Tuesday 31 March 2009

Back to sourdough

I think my infatuation with beer yeast for bread is coming to an end. It is tremendous fun when freshly harvested and full of life, but goes dormant quickly in the fridge so you never quite know how much of a rise it will give the bread. Sourdough starter is a good bit more predictable. Back to sourdough, back to rye. I've missed them.

Thursday 19 March 2009

APA first tasting

My second attempt at a hoppy Oregon-style pale ale isn't too convincing yet, although it's still very young. It tastes very thick and sweet and is lacking in the hop aroma. I think I might still be mashing too hot, even though my thermometer told me it was 66ºC. I will try to mash a couple of degrees cooler next time, stir the mash more to be sure the thermometer is giving me an accurate figure, and may resort to using a hop tea for aroma.

Wednesday 18 March 2009

19th century Parisian barm part I

Dan Lepard's fantastic book The Handmade Loaf includes a recipe for barm bread.

Barms in the sense in which Dan uses the word are a particular development in the evolution of bakers' leavening agents. Historically they come after the use of beer yeast obtained from a brewery, and were in turn superseded by the use of compressed yeast.

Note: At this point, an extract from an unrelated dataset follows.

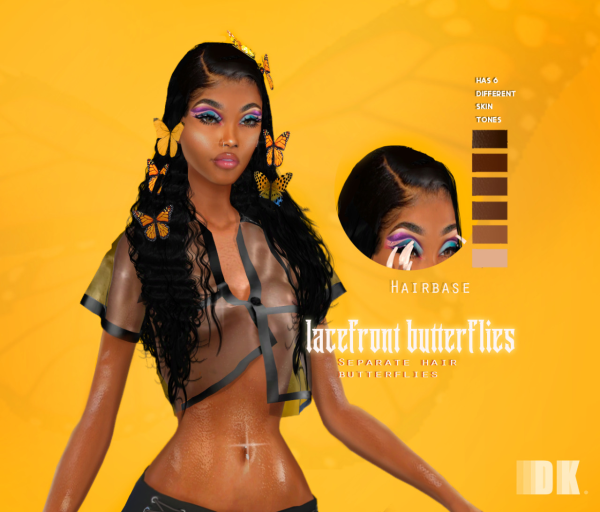 Alpha Lace Front Butterflies by simsfinds - The Sims 4 Custom Content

The book mentions historical barms being made of malt and hops, but does not go into detail. His simplified recipe for modern readers who don't have malt and hops lying around involves heating up a bottle of real ale and stirring flour into it. This has caused a little confusion, as people assume that the yeast sediment in the bottle has something to do with the leavening of the dough. Actually, the use of a bottle-conditioned beer is something of a red herring.

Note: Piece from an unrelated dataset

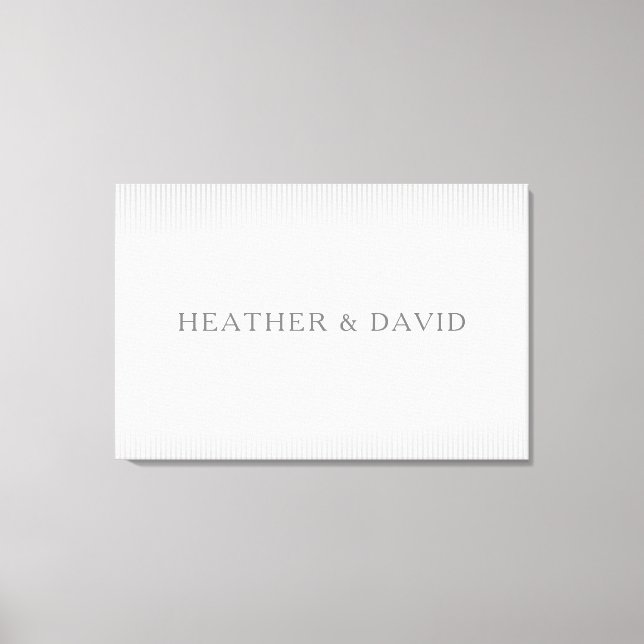 Toile Nom de famille élégant Monogramme & Gris mince ray (Recto)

I do have malt and hops lying around, so decided to try doing the whole thing from scratch. The procedure is similar to making wort for beer up until the wort is drained off the grain. Since the use of barm survived longest in Scotland when bakers in England had moved on to using compressed yeast, I also felt a duty to look into local history.

A small ad in the Scotsman:

BAKER (Foreman) Wanted immediately, competent, to take entire Management and work Parisian Barm. Good wages. Jas. Murdoch, Bonnyrigg.

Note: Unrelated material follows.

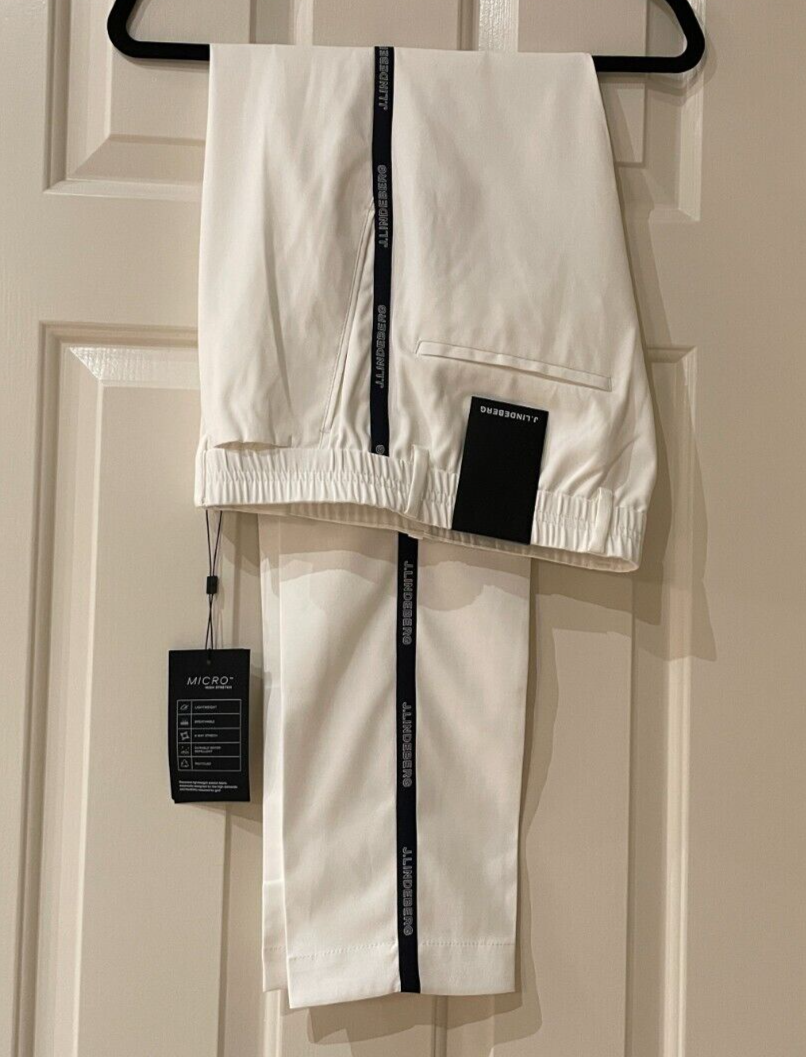 J. Lindeberg Golf Men's Stuart Stripe Pants 31 x 32 White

With the help of some old baking textbooks found online, this one for example, we discover that barm was not universally held in high esteem at the time:

Bread prepared by the aid of barms is generally of poor volume and colour, rather liable to be holey, with dull bloom and texture somewhat variable, but the flavour as a rule is good.

Monica Spiller is someone who has written about barms. However, her method uses malt flour and hot water, so again is not done from scratch.

She has a detailed document with various interesting recipes. Interestingly, it includes a section on sprouting and drying wheat grains. This is, of course, effectively malting them, but for whatever reason she doesn't use the term.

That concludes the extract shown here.